Adapting to Hearing Aids For The First Time
So, are hearing aids uncomfortable? Simply put: some individuals experience them as a little bit uncomfortable when they first wear them. Initial comfort levels will fluctuate because, as with many things in life, there’s a period of adjustment. But you will feel more comfortable after a while as you get used to your hearing aids.
Often it’s just good to recognize that these adjustments are coming. Knowing what you should expect will help your adjustment period be smoother.
There are two stages to your adjustment:
- Adjusting to the improved sound quality: In some instances, it might be the sound quality that you need to adapt to. For the majority of people who have been coping with hearing loss for some time, it will probably take some time to get used to hearing a full assortment of sound. It may sound a bit loud at first or there may be frequencies of sound your not accustomed to hearing. In the beginning, this can be rather distracting. One of our readers complained, for instance, that he could hear his hair scraping against his jacket whenever he moved his head. This is normal. After a few weeks, your brain will block out the noises you don’t want to pay attention to.
- Getting used to a hearing aid in your ear: There could be some slight physical discomfort when you first start to wear your hearing aid, and your hearing specialist may recommend you start off wearing your hearing aids for only part of the day.
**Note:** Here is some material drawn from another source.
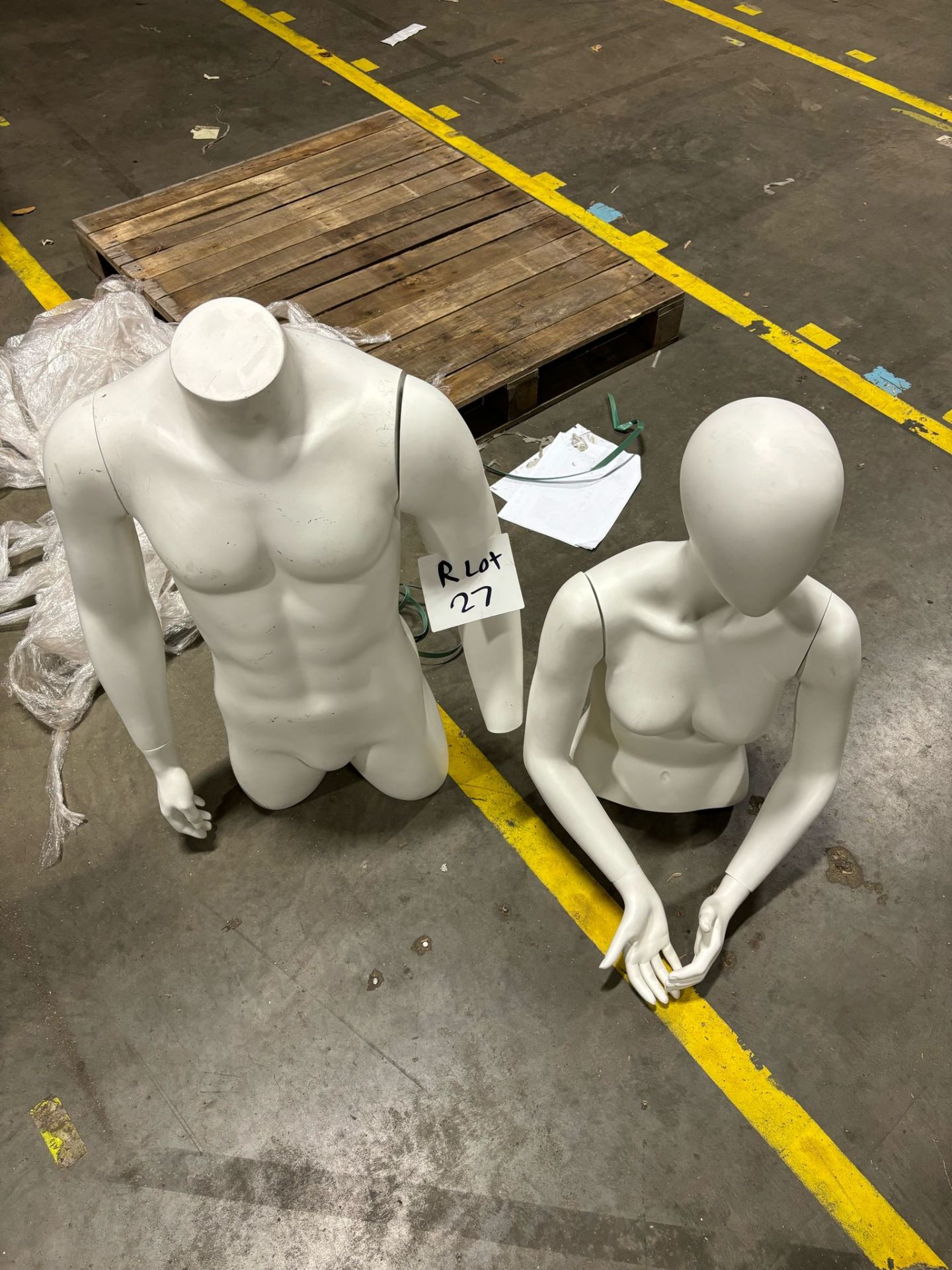 2x MANNEQUINS RETAIL SHOP DISPLAY ADULT MALE FEMALE STANDING MANNEQUIN TAILORS DUMMIES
Even so, there shouldn’t be any pain involved. You should talk to your hearing specialist if your hearing aid is causing pain.
If either the sound quality or the physical positioning of the hearing aids is annoying you, it’s essential to speak to your hearing specialist about adjustments to increase your all-around comfort and progress the adjustment period.
Can I Make my Hearing Aids More Comfortable?
Luckily, there are a few techniques that have proven to be quite effective over the years.
- Practice: The world might sound quite a bit different after you get your hearing aids. Adjusting to sound, especially speech, could take a while. In order to get the hang of it a little more quickly, there are a number of practices you can do including watching a movie with caption or reading along with an audiobook.
- Get the right fit: Hearing aids are designed to fit your ears comfortably. You’ll absolutely want to talk about fit with your hearing specialist right off the bat, but you’ll also want to consult your hearing specialist for follow-up fittings to make sure everything is working correctly and the fit is just right. You might also want to consider a custom fit hearing aid for maximum effectiveness and comfort.
- Start slow: You don’t have to use your hearing aids twenty-four hours a day, seven days a week when you first get them. You can start gradually and build up from there. Begin by wearing your hearing aid for one to four hours a day. Ultimately, you will be using your hearing aids all day, when you become comfortable with them.
Making Your Hearing Aids More Comfortable
For the first few days or weeks, there might be a little discomfort with your hearing aids. But the more quickly you adjust to your new hearing aids, the faster they’ll become a comfortable part of your everyday life. Wearing them every day is crucial to make that transition work.
Soon all you will have to think about is what you hear, not how you hear it.